There is a lot of misinformation regarding post processing. Most of it began when film cameras began to be replaced with digital cameras. Film photographers frowned at the new digital stuff, and said it wasn't proper photography. Back in those days there was no such thing as computers and photoshop, so photographers had to get their shots right at the moment of capture or they would waste a lot of time and money developing rubbish photos. Capturing the perfect photo using a film camera was essential.

Although film cameras are now all but gone, unfortunately the insinuations levelled at digital camera users about not being proper photographers still linger. Back in the film days, capturing the perfect shot in camera was what photography was all about, but that just simply is no longer the case.

Another thing to consider is that digital cameras are computers, and they process RAW images using software inside the camera to turn them into usable images such as jpegs.
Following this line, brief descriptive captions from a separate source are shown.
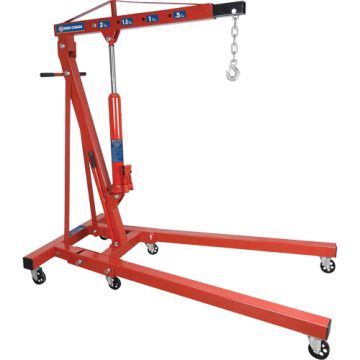 2-Ton Folding Shop Crane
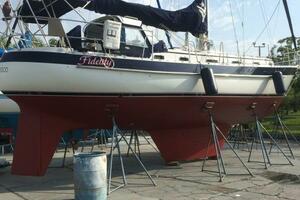 Fidelity 42ft Valiant Yacht For Sale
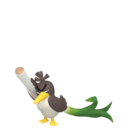 Farfetchd (Galarian) | National dex number: 0083-galar
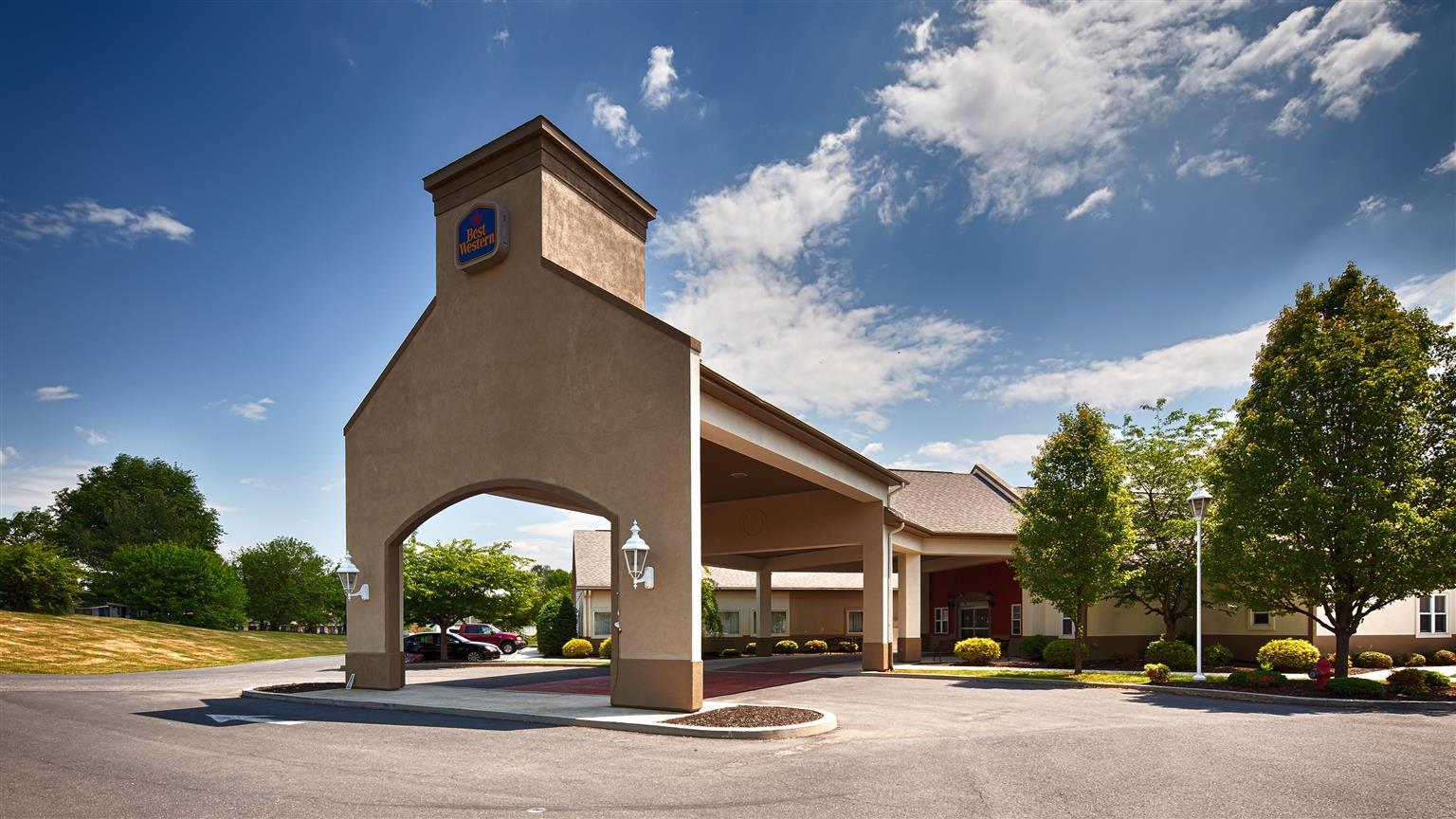 Best Western Carlisle Hotel Exterior photo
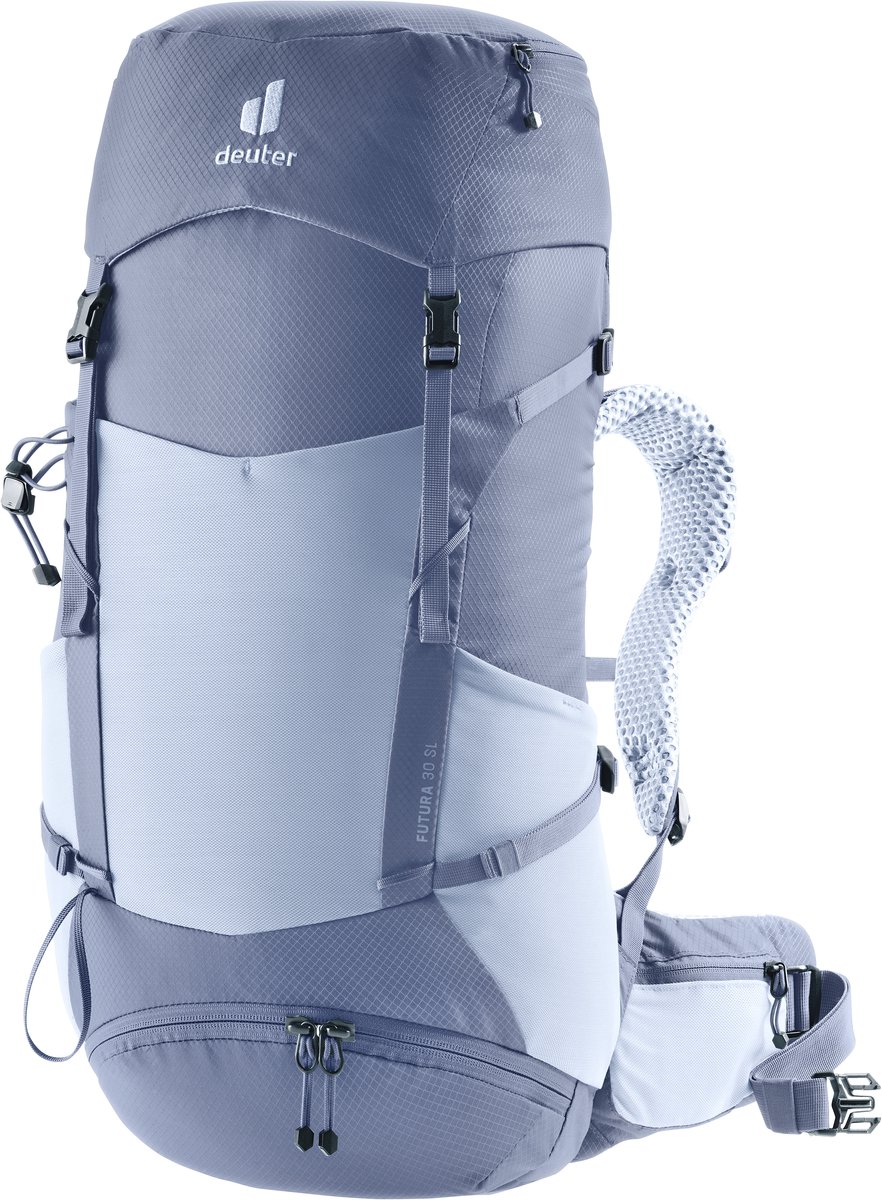 Deuter Futura 30 SL - Wandelrugzak 63 cm (polar-bluejay)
To claim a digital photograph is 'pure' and straight out of the camera is nonsense, because the camera itself is a computer and that image was processed by software inside the camera. Every single jpg photograph taken by a digital camera has been photoshopped inside the camera, it has been post processed from a RAW image file.

Yes, things like composition and exposure still require skill, and they are still an art form, but post processing is most definitely a computerised process, whether done in camera or on a computer using software programmes.

Some digital cameras produce outstanding jpgs with gorgeous colours and contrasts, but those images are still produced by software inside the camera. Just about all professional photographers shoot RAW and process their images on their computers using sophisticated and expensive photography software programmes. Some journalists perhaps shoot jpg and send their images by satellite back to their editors, but they are the exception rather than the rule.

Which route are you going to take? Which route should you take? Shoot jpgs and let your camera do the post processing? Or shoot RAW and learn to do your own post processing. There is no right or wrong answer to that. If your camera produces gorgeous jpgs, and you have no desire to work on photos on a computer, sure, shoot away and have fun, nothing wrong with that. If you think you might want to wrest control of your post processing away from your camera and do it yourself, then take a deep breath and dive into perhaps the most exhilarating and breathtaking photographic experience of all, the world of post processing.

This is a RAW image shot with a professional camera and an expensive lens.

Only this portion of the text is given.